When I go shooting in the city, I often meet up with other photographers. Most of them are quiet people, never a hasty word. Many of them are also wildlife shooters, so that explains the quiet part of their shooting character.
Sometimes, I meet nobody I know, but see other photographers shooting. Or hear them shooting. They must have been in the army…
When I shoot a subject, I try to get the best composition by moving around it, finding the best angle to shoot and then press the shutter. Once.
Shot in burst mode, and even that was slow
Sometimes I use the fast “burst mode” to be able to catch a duck fight or a match. Otherwise, nobody hears me shooting.
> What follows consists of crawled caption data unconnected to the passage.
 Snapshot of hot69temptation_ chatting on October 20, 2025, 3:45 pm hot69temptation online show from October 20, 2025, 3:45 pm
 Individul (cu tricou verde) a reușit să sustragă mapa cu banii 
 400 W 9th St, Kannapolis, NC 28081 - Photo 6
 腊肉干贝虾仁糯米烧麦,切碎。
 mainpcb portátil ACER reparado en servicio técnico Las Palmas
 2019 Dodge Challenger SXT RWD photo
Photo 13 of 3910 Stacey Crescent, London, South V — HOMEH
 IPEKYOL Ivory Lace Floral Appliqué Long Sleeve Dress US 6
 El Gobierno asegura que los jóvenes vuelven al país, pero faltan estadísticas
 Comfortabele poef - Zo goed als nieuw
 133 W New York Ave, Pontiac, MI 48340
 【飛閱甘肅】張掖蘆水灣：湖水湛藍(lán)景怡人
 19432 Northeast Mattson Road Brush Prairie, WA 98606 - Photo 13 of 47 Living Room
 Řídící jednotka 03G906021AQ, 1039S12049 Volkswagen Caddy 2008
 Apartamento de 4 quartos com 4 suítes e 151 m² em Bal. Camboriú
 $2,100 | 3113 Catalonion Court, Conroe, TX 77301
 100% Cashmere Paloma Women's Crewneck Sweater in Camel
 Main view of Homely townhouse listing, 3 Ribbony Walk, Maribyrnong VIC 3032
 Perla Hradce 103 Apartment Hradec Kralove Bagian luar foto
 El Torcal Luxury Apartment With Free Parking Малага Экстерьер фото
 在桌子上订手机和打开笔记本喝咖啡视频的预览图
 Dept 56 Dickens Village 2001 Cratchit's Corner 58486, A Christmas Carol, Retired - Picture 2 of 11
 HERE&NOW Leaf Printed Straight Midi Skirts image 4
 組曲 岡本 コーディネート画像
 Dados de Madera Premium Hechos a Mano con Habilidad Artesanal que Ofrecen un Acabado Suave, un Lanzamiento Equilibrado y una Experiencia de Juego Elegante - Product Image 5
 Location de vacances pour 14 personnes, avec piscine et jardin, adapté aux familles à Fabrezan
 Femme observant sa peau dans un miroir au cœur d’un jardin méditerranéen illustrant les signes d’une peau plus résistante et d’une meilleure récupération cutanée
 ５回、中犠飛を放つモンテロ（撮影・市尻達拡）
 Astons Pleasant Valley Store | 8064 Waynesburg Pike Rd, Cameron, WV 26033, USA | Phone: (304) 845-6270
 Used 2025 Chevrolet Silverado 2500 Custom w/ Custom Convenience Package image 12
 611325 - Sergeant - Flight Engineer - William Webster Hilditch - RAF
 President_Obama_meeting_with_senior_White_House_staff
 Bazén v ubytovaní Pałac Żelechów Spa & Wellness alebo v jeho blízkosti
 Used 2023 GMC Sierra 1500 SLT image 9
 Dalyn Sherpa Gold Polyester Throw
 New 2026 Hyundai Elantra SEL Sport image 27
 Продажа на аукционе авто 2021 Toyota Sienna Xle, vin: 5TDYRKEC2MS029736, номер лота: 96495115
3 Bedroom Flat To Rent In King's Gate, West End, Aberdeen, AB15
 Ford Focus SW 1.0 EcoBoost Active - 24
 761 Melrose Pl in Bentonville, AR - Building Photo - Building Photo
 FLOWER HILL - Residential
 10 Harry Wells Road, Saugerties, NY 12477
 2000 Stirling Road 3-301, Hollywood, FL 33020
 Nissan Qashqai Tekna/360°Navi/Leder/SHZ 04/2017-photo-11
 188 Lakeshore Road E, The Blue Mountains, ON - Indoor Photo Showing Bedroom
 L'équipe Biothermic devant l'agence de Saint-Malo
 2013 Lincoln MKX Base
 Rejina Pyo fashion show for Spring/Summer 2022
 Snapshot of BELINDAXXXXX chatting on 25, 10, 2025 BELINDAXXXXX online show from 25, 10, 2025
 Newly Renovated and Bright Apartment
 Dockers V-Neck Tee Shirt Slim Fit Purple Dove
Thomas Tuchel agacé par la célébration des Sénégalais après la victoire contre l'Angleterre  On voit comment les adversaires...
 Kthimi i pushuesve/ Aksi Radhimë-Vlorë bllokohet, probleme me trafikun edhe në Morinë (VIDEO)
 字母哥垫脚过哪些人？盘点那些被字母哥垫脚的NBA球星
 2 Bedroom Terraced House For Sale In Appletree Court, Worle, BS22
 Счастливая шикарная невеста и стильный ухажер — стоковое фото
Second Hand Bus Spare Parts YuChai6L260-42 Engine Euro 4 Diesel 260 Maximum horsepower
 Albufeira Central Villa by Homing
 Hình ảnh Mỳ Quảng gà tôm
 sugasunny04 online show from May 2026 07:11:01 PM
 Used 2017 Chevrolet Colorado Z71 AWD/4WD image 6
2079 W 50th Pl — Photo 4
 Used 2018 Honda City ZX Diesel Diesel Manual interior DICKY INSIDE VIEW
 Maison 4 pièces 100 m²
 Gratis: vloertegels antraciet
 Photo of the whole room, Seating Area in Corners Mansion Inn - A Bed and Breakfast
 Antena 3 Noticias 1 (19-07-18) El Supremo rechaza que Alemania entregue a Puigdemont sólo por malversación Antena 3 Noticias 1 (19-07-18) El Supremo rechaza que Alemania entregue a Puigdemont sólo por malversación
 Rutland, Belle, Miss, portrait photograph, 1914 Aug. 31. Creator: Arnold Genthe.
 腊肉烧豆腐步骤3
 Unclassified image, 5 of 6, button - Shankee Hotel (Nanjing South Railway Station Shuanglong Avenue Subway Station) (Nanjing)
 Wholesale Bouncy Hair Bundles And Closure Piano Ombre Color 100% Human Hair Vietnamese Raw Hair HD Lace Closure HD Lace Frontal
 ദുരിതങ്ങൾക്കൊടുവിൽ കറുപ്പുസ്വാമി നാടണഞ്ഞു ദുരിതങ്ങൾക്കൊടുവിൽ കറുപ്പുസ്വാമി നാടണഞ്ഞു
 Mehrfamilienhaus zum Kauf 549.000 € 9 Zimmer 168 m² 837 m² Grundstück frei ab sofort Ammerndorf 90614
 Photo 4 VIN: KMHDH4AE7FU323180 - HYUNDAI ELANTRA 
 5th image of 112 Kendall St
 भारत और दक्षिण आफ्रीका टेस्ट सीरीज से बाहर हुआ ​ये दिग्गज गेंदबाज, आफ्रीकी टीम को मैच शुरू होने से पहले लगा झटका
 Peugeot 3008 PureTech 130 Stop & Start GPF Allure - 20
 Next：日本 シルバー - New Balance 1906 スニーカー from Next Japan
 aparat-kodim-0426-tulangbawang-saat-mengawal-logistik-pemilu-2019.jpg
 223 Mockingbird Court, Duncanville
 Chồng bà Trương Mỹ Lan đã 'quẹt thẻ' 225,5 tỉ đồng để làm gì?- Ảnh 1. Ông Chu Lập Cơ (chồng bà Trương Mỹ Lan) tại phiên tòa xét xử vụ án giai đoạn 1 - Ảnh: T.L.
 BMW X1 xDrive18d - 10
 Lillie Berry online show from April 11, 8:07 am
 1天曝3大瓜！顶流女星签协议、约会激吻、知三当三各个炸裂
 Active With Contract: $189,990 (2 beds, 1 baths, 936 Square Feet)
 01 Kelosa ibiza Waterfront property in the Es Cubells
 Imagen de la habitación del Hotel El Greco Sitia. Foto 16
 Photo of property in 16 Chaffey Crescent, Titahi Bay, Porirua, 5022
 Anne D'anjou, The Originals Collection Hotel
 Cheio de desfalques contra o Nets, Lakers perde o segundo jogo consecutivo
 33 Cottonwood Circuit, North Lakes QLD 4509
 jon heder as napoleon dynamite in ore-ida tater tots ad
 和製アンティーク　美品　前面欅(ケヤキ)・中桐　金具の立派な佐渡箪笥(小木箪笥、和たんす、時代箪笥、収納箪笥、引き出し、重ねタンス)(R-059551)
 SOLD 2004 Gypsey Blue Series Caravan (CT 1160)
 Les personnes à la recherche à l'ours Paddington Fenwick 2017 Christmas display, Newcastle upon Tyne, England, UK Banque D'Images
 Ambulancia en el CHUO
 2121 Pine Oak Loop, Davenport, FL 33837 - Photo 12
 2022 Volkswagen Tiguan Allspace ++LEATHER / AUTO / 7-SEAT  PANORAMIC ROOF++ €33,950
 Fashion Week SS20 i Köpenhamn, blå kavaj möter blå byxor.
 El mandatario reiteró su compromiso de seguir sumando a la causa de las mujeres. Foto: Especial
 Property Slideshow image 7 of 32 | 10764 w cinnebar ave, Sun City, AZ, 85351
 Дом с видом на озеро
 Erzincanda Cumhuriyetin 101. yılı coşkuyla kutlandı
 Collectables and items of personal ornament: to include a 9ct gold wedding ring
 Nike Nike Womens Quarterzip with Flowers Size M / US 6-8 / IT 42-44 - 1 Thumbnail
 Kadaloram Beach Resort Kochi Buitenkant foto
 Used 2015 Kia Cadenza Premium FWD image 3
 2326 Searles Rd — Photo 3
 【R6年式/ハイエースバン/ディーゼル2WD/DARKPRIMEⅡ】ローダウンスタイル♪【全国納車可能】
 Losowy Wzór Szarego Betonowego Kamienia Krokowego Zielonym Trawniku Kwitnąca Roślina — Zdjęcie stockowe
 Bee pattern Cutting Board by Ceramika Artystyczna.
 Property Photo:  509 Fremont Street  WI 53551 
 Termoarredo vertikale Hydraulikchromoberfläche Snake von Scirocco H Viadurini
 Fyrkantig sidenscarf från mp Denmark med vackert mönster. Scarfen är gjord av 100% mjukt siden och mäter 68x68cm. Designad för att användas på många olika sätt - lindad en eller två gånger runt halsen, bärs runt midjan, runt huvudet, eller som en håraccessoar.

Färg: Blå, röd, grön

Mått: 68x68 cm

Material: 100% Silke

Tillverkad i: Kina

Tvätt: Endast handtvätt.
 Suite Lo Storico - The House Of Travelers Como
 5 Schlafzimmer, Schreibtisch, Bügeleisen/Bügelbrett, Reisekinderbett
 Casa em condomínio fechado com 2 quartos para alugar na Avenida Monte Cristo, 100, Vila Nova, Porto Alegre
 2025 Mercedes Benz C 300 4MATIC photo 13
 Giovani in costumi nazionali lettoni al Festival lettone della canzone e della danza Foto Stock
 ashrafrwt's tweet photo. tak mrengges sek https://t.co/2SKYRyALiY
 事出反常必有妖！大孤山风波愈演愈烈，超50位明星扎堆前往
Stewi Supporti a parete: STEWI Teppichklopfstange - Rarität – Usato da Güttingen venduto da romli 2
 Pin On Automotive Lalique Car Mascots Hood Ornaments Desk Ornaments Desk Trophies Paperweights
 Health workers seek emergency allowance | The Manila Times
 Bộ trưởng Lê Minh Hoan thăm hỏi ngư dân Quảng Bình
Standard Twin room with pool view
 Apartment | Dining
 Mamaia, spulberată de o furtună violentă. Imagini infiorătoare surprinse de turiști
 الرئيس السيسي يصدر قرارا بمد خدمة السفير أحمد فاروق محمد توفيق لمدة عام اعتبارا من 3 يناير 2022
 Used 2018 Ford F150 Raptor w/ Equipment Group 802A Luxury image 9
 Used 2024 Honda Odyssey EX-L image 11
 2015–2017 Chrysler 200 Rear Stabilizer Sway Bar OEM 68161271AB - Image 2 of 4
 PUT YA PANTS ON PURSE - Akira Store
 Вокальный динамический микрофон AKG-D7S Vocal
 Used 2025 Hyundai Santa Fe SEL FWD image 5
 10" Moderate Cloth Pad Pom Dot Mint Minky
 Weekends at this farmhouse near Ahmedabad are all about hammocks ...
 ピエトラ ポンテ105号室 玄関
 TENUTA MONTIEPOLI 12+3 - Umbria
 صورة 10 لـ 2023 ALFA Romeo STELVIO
This water drop was shot by hand, without the use of measuring instruments or infra-red traps to trigger the flash. Pure hand work.
The other type of photographer is the machine gun “maniac”. Shooting 10-12 frames in rapid burst and of any inanimate object.
Sure, the saying “It’s digital, it costs nothing more to shoot more” may look true for some, but that’s just plain wrong.
Running Squirrel, one shot, and no chance to retake a second.
The shutter mechanism of the camera is a very delicate and robust piece of machinery. The Nikons, I shoot Nikon, so I’m mostly interested in them, show an average shutter count of 100,000 to 150,000. Numbers published by Nikon.
One shot, just waiting for the right moment…
That means that if I shoot 10 pictures of every object I want to shoot and retain only one good picture, I use my camera 10 times more than necessary. Hmmm, I’ll have to think about this a bit more. Should I stop shooting time-lapse sequences because of my shutter lifespan? Probably not.
Skittish, the hawk in the park is not far away
I am a careful with my camera, but not to the point of not using it as I see fit. That would defeat its purpose. After nearly two years of shooting, my camera has just turned the clock and restarted numbering my images at 0000. So I shot 10,000 pictures in less than two years. Given that my shutter should die around 120,000 (nicely between that 100k and 150k) I still have some 10 years to go with the camera before its shutter fails.
That is a reassuring thought.
Just waiting for that portrait
By shooting bursts of 10-12 pictures for each (perhaps) usable photo I would reduce that camera life to some 2 years. I haven’t saved up enough yet for a new camera.
Now, for the fun of the numbers, if you want to see those that apply to your own camera, take a look here: http://olegkikin.com/shutterlife/. Most of today’s and yesterday’s cameras are in there.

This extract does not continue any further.